(Records from a data collection)
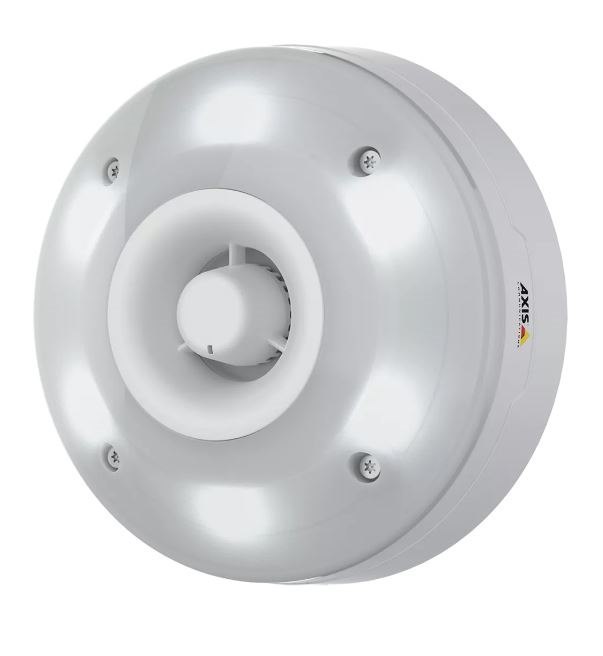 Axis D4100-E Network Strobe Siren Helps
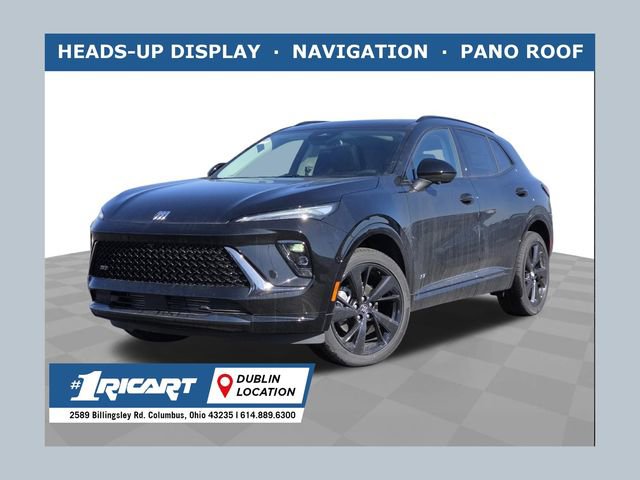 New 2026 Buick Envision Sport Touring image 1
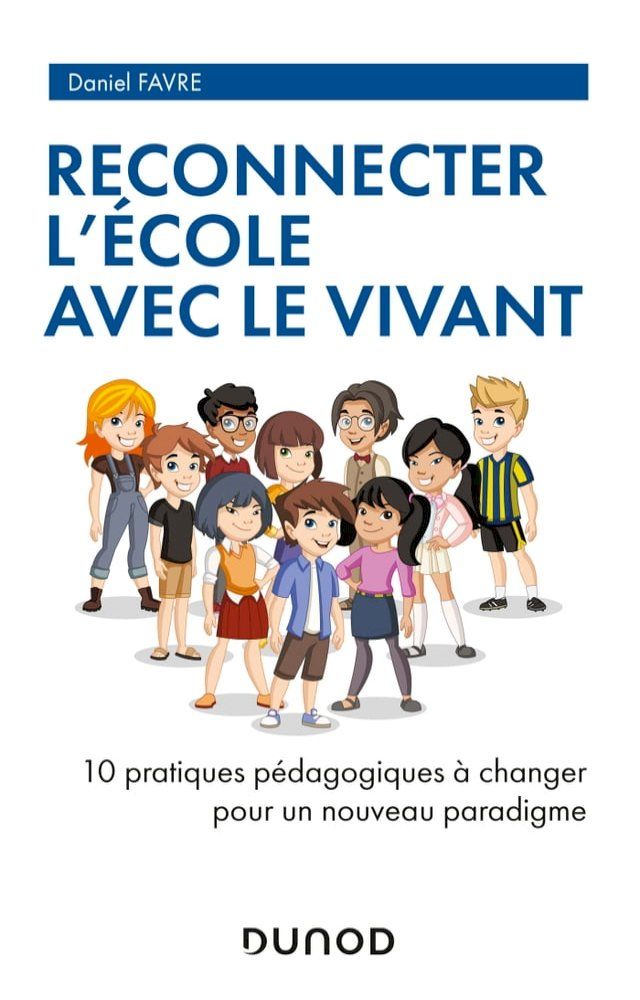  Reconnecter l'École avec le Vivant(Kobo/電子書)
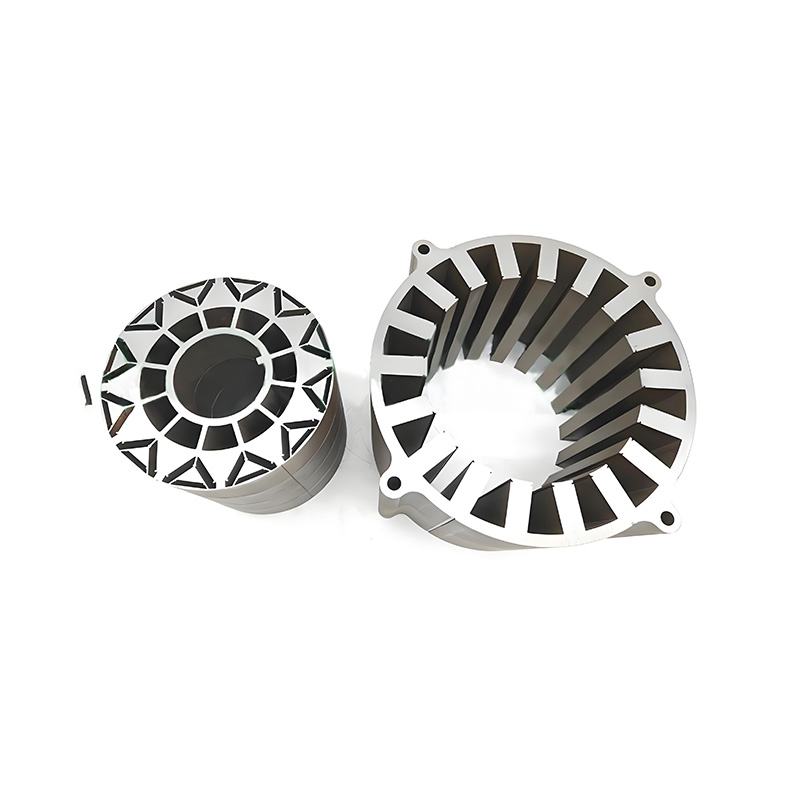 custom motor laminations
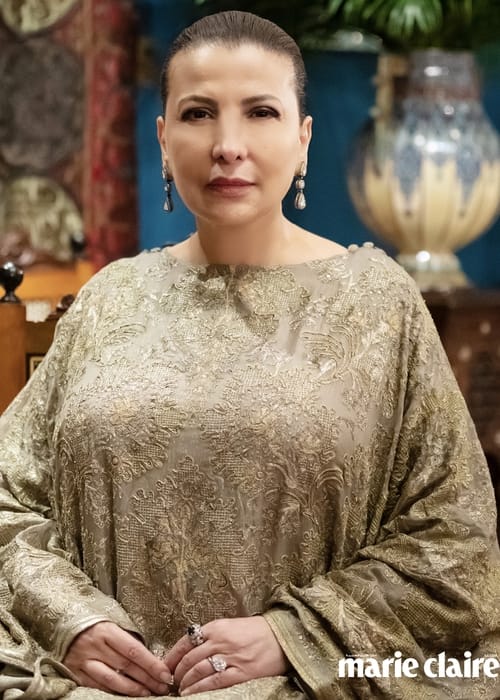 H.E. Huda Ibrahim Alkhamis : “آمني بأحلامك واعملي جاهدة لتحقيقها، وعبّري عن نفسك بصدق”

Instructions for the task:
With the pictures left out, give again exactly the lines from the one with "New 2026 Buick" through the end of the data, both included.

Solution:
 New 2026 Buick Envision Sport Touring image 1
  Reconnecter l'École avec le Vivant(Kobo/電子書)
 custom motor laminations
 H.E. Huda Ibrahim Alkhamis : “آمني بأحلامك واعملي جاهدة لتحقيقها، وعبّري عن نفسك بصدق”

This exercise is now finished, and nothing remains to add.